PRRS virus can be detected in the environment of the farrowing house (surfaces and air) and on the udder skin of lactating sows. However, PRRSV detection in the environment decreases as time after an outbreak increases.
PRRSV was not detected in the environment after 4 months of an outbreak
Role of environmental PRRSV in the transmission of the disease is still unknown.

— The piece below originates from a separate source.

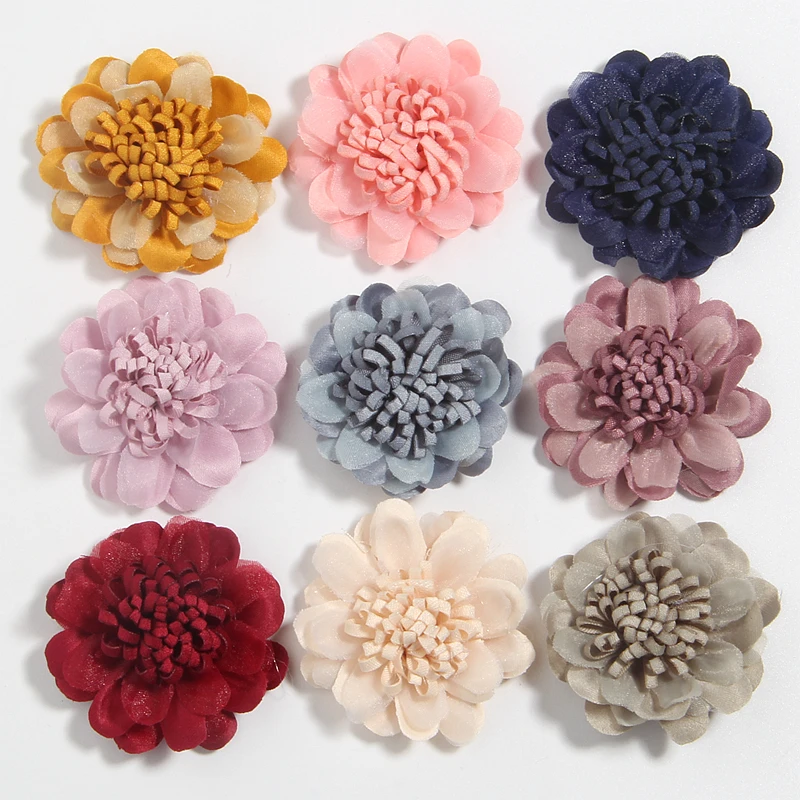 10 sztuk 4.2CM 1.7 "Mini tkanina sztuczna koronka kwiat butik koronkowe wykończenia łatka aplikacja suknia ślubna DIY kwiaty welon do włosów panny młodej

In this study, udder and surface wipes as well as particle deposition wipes were collected both at processing and at weaning, starting 2 weeks after the PRRSV outbreak.
Results showed that PRRSV was detected at processing up to 14 weeks after the outbreak in surfaces and udder skin of lactating sows. At weaning, PRRSV was detected up to 17 weeks post-outbreak using udder skin wipes. The number of positive samples decreased over time and the Ct values of the positive samples increased over time indicating a decrease in infection load overtime. Detection of airborne particle deposition positive samples followed a similar pattern to those of the crate surfaces and udder wipes. Virus could be isolated and sequenced from all sample types.
Udder skin and environment may play a role in the transmission and maintenance of PRRSV in piglets in breeding herds; however further research is needed to validate this observation.